The last quarter of 2016 saw new vigour in the oilfields as the government issued licences to oil companies, setting the stage for activities that will lead to production.
The accelerated activities include technical work in the fields, construction of a pipeline, a refinery and two central processing facilities (CPF).
A CPF is a huge plant and a first point where unwanted matter is separated from crude and gas before being transported to a refinery or pipeline. The planned CPF will be located in the north and south to cater for crude produced in those regions.
The construction phase is expected to span three to five years after completion of front end engineering design (FEED), which takes 12 to 18 months. These activities are expected to attract huge foreign direct investment.
Discourse now changing
Energy Ministry officials said that $3 billion has been invested in the exploration and appraisal phase, and between $16 billion and $20 billion will be invested in the production phase.
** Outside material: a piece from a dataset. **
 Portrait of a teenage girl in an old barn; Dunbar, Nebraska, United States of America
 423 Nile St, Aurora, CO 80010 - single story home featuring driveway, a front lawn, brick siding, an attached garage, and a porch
The discourse is now changing to how the communities will benefit from expected huge revenues.
“We are looking now at reviving the industry because the global prices are rebounding, so we should be preparing to take the opportunities that the industry presents,” said acting director of petroleum Robert Kasande.
The licensees are joint venture partners Total E&P Uganda and Tullow Oil Uganda, who were given eight licences. Their partner, China National Offshore Oil Company (CNOOC), was issued with a production licence for Kingfisher well in 2013. CNOOC has been undertaking development activities and its FEED is ready, so Kingfisher is expected to be the first field to come on stream.
The licensed areas contain 5.4 billion barrels of the overall discovery volume of 6.5 billion barrels.
The government is in negotiations with three companies before signing a Production Sharing Agreement for exploration in new blocks.
With high value contracts obviously going to international service providers like rig hire services owing to high level of professionalism and capital required, the country has decided to ring-fence certain services to retain some of the money within the economy.
Under the proposed National Content Policy that is awaiting Cabinet approval, 20 service sub-sectors, including catering, security and transport have been set aside for local companies.
Besides that, companies are required to advertise for any contract above $500,000 in the local media.
The oil companies are unhappy about the government’s regulation of local content while the Association of Oil and Gas Service Providers believe that the definition of local company is wanting.
The policy defines a local company as one registered in Uganda, employing 70 per cent Ugandans and using locally produced material. This means that foreign companies can qualify as local if they meet these conditions. The government is training technicians to be deployed during the construction phase.